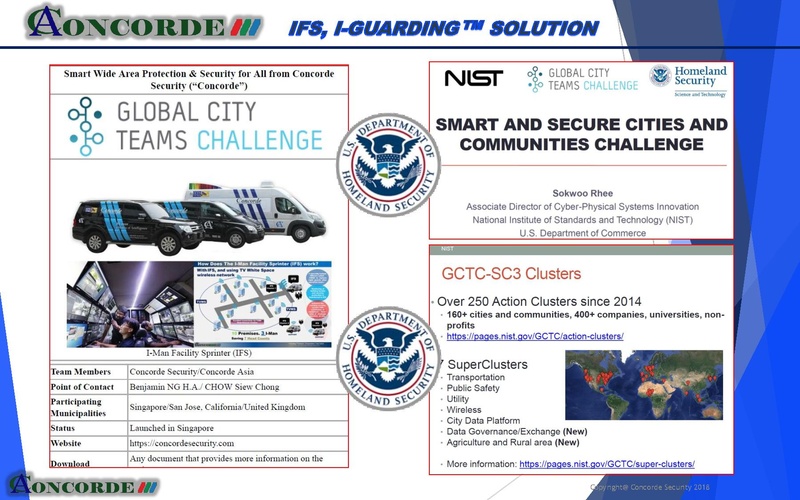 File:ConcordSecurityGCTCPortlandTechJamJune2018.pdf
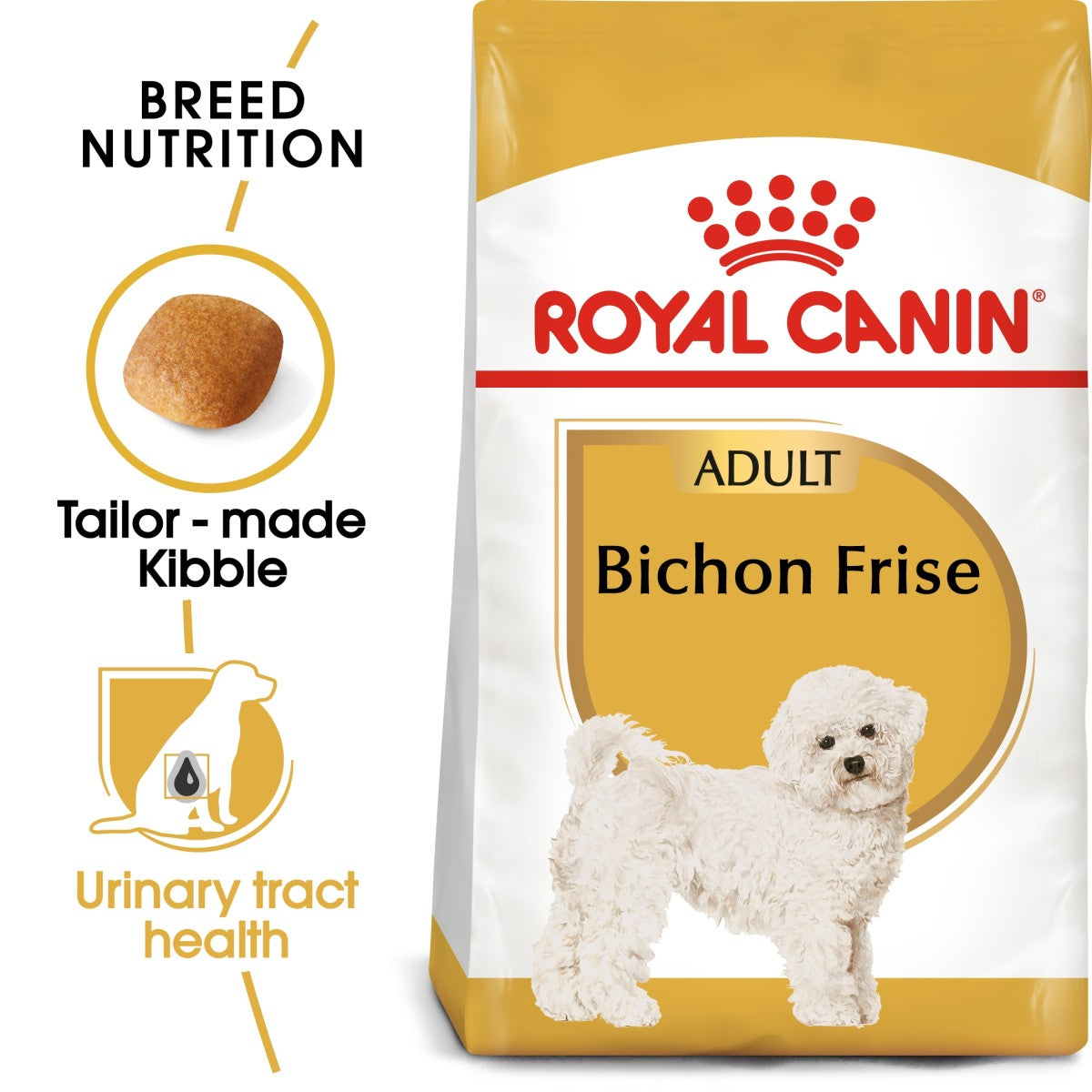 Royal Canin: Breed Health Nutrition Bichon Frise Adult 1.5 kg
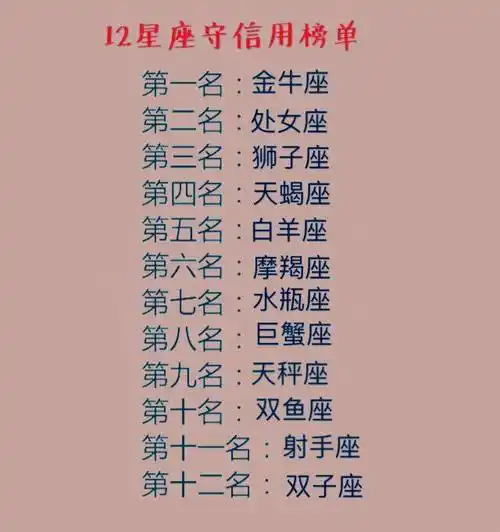 12星座最想嫁的人是谁,谁最靠谱守信用,谁有大智慧?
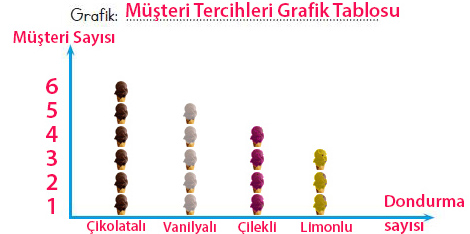 Musterilerin Tercihini Sekil Grafigi Olusturarak Gosteriniz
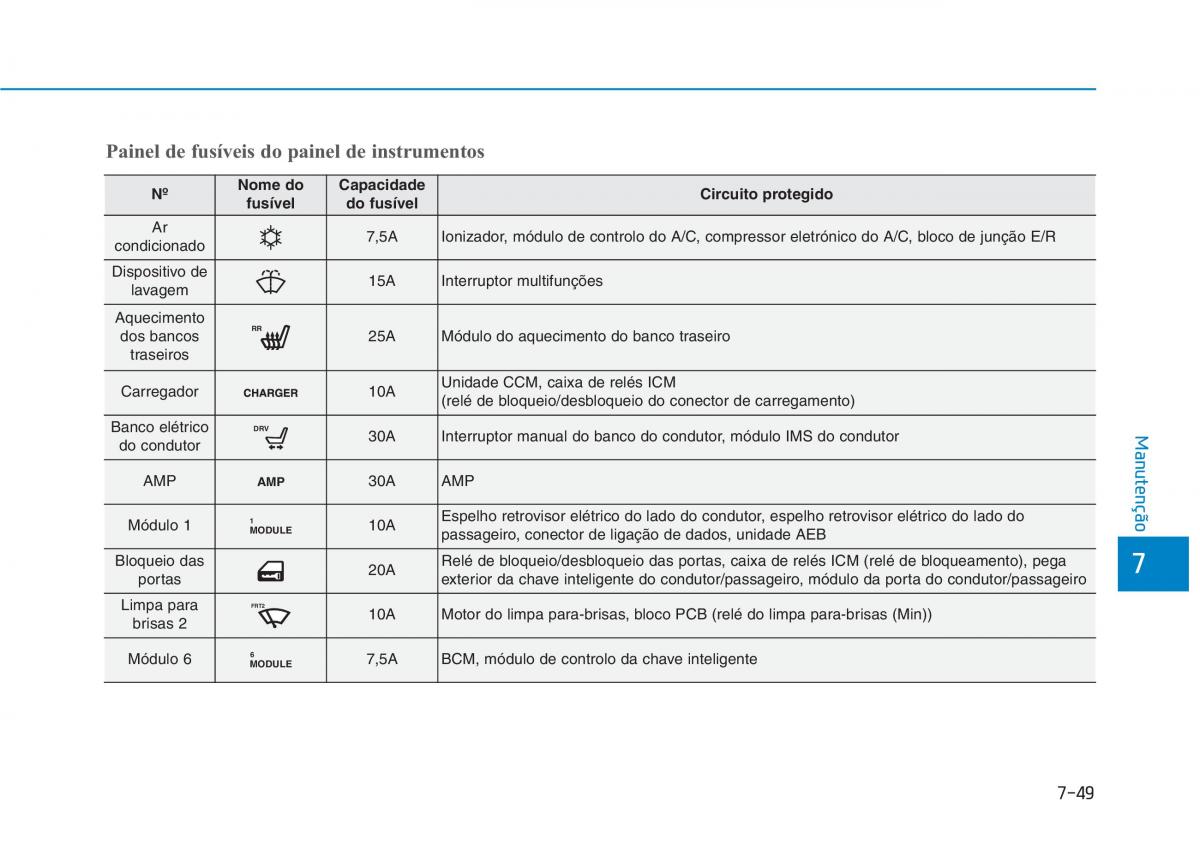 Hyundai Ioniq Electric manual del propietario / page 535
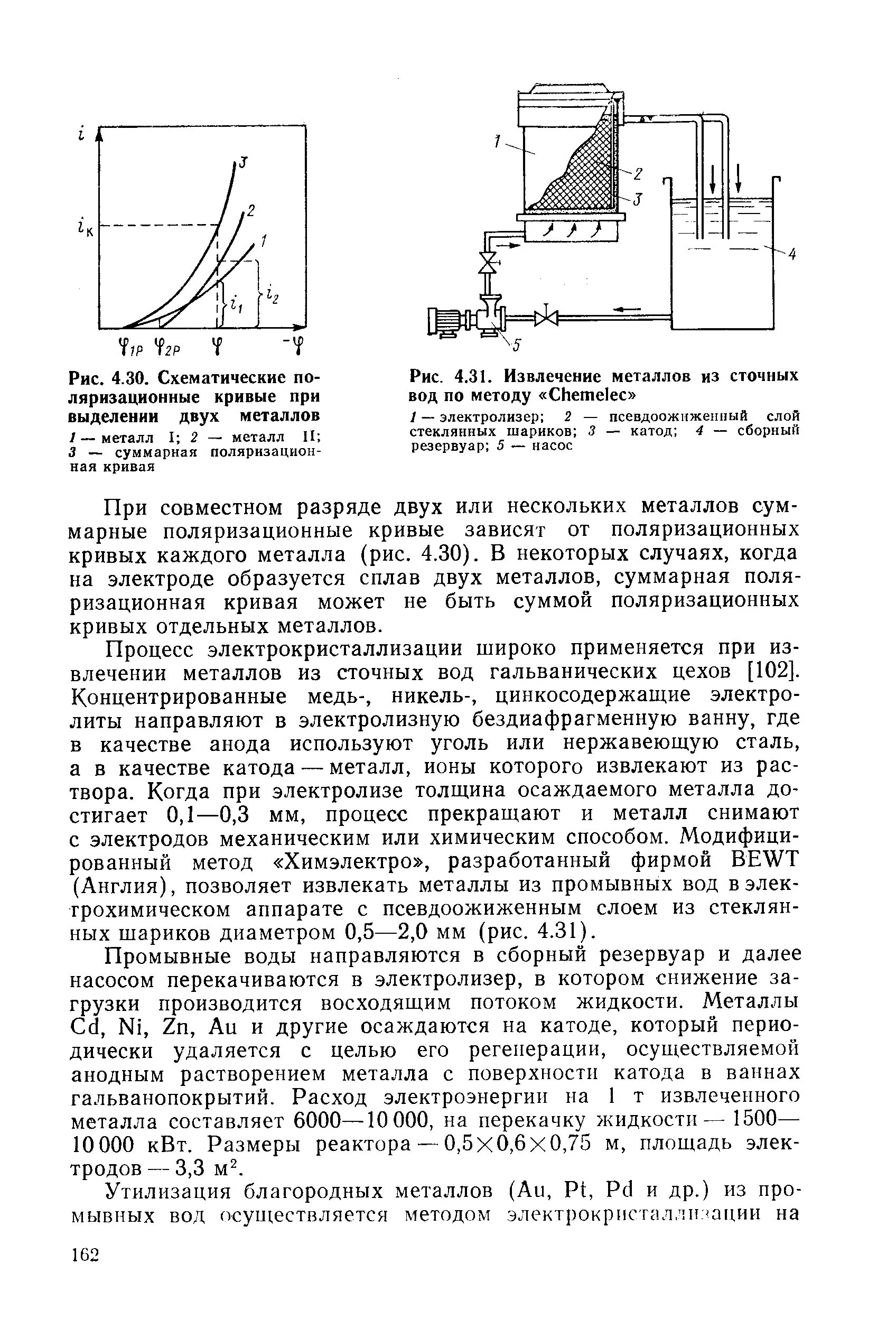 Как извлекают металлы
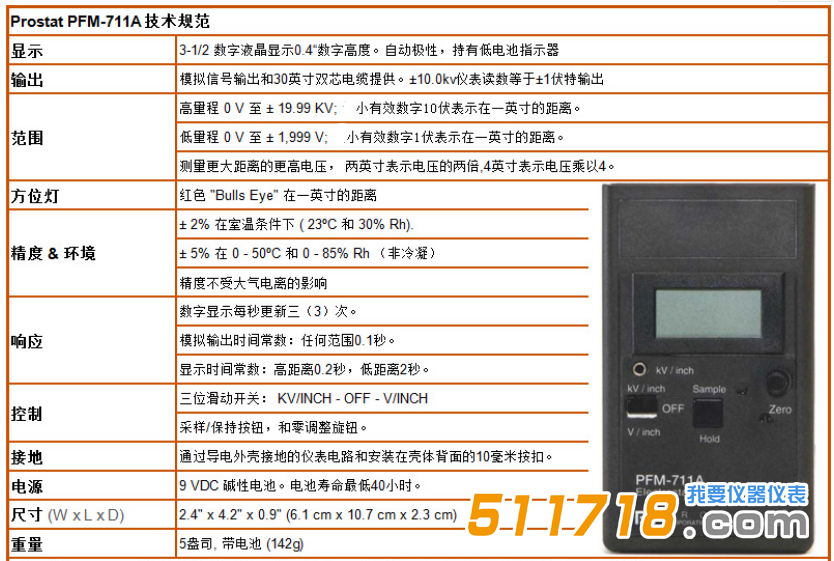 美國Prostat PFK-100 Set靜電測試套件技術參數.png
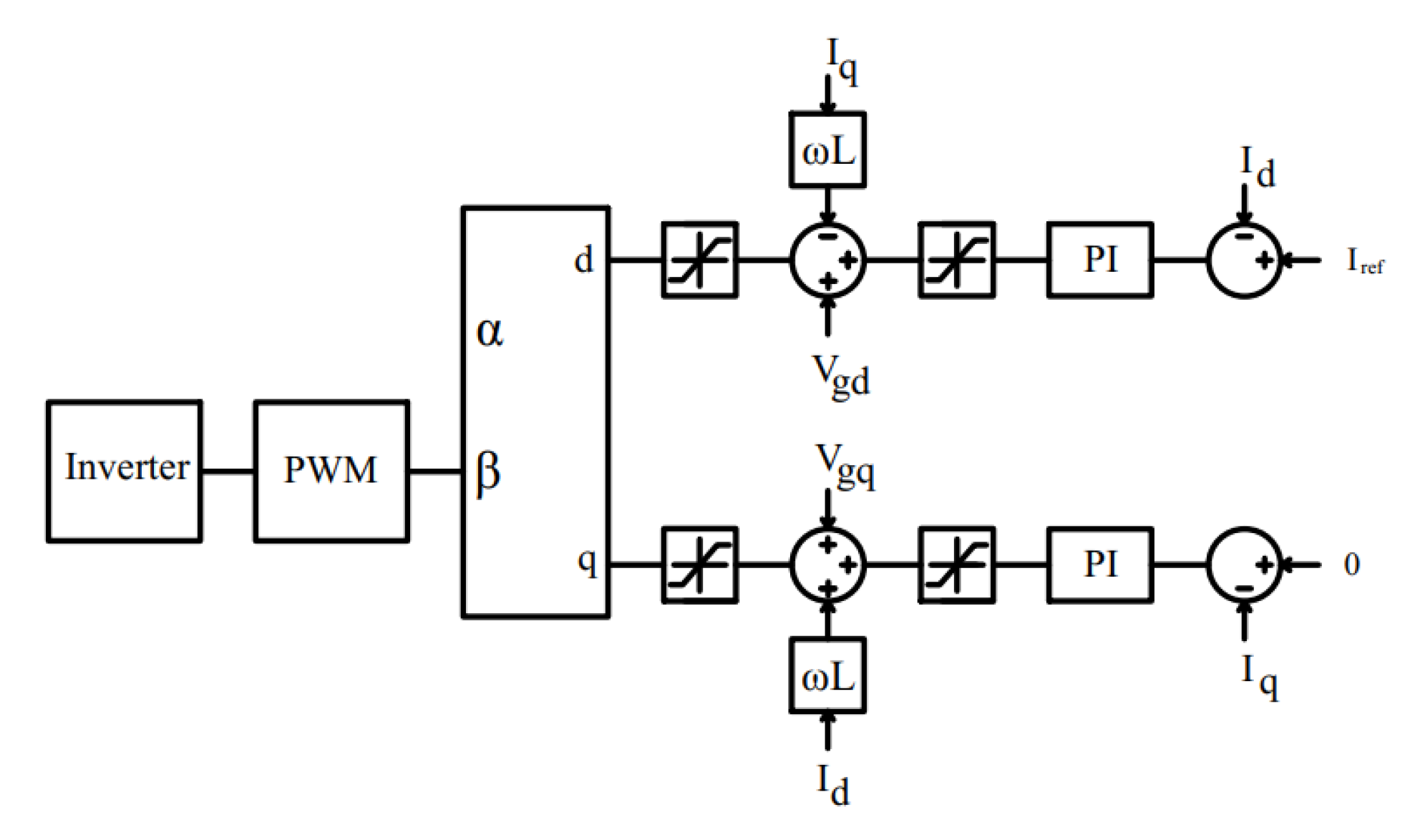 Electronics 11 00387 g015 550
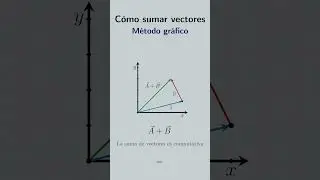 Suma de vectores, m&eacute;todo gr&aacute;fico. #Shorts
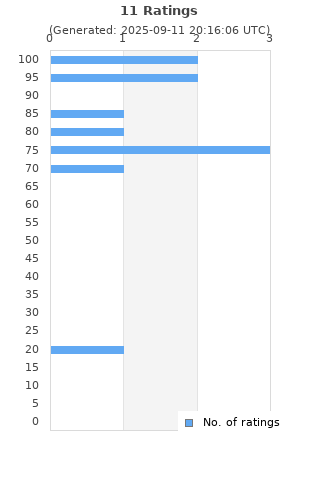 Ratings distribution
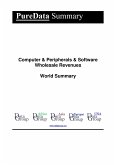 Computer & Peripherals & Software Wholesale Revenues World Summary (eBook, ePUB)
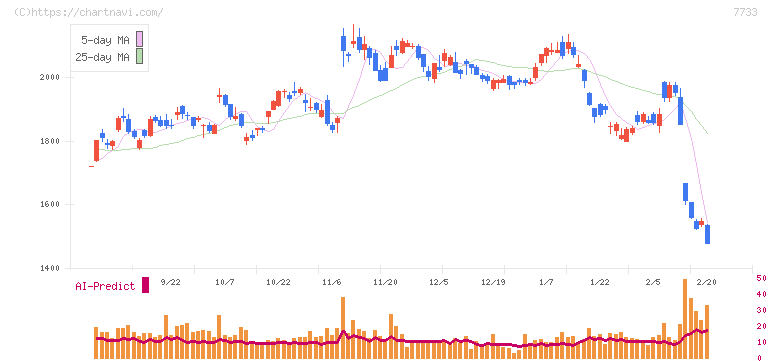 オリンパス(7733)の日足チャート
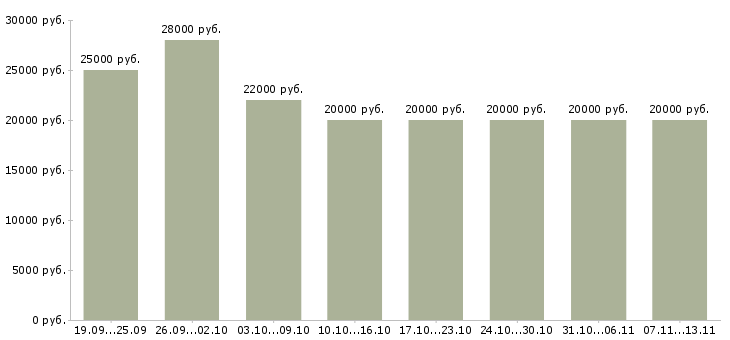 Вакансии «сотрудники для работы через интернет»-Медиана зарплаты по вакансии «сотрудники для работы через интернет» за 2 месяца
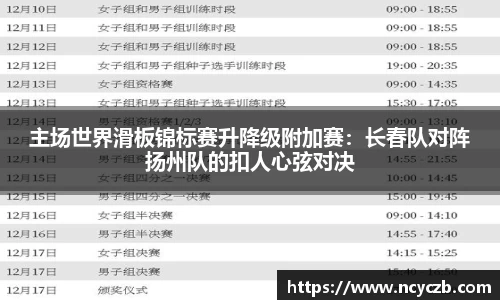 主场世界滑板锦标赛升降级附加赛：长春队对阵扬州队的扣人心弦对决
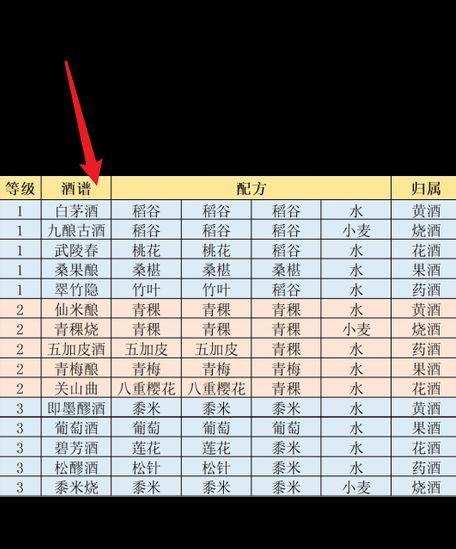 江湖悠悠竹笋食谱配方是什么？制作竹笋食谱需要哪些材料？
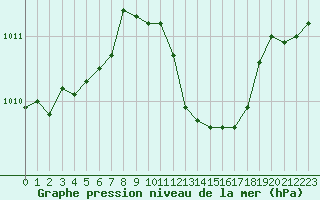 Courbe de la pression atmosphrique pour Annecy (74)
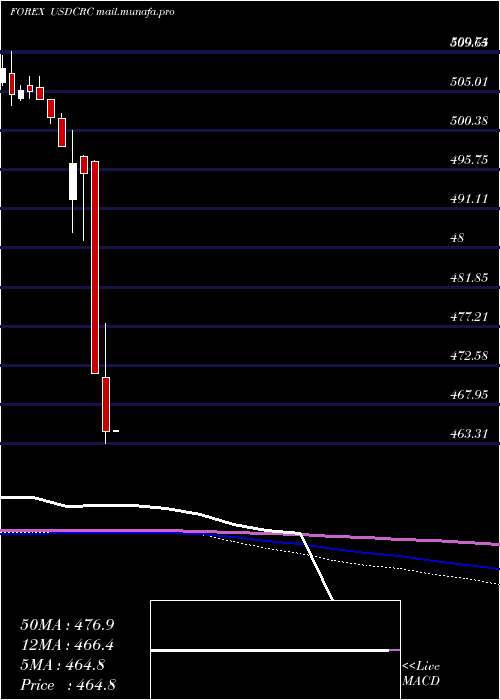  monthly chart UsDollar
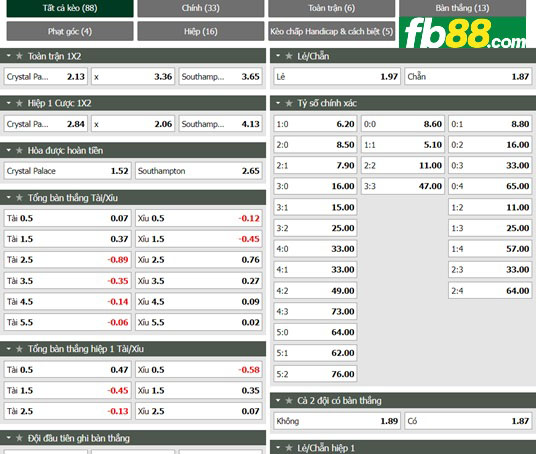 Fb88 tỷ lệ kèo trận đấu Crystal Palace vs Southampton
::::::
Activity:
When the line containing "Musterilerin Tercihini Sekil" has been located, retype it and each line after it through the end of the records, excluding the pictures and adding nothing else.

Result:
 Musterilerin Tercihini Sekil Grafigi Olusturarak Gosteriniz
 Hyundai Ioniq Electric manual del propietario / page 535
 Как извлекают металлы
 美國Prostat PFK-100 Set靜電測試套件技術參數.png
 Electronics 11 00387 g015 550
 Suma de vectores, m&eacute;todo gr&aacute;fico. #Shorts
 Ratings distribution
 Computer & Peripherals & Software Wholesale Revenues World Summary (eBook, ePUB)
 オリンパス(7733)の日足チャート
 Вакансии «сотрудники для работы через интернет»-Медиана зарплаты по вакансии «сотрудники для работы через интернет» за 2 месяца
 主场世界滑板锦标赛升降级附加赛：长春队对阵扬州队的扣人心弦对决
 江湖悠悠竹笋食谱配方是什么？制作竹笋食谱需要哪些材料？
 Courbe de la pression atmosphrique pour Annecy (74)
  monthly chart UsDollar
 Fb88 tỷ lệ kèo trận đấu Crystal Palace vs Southampton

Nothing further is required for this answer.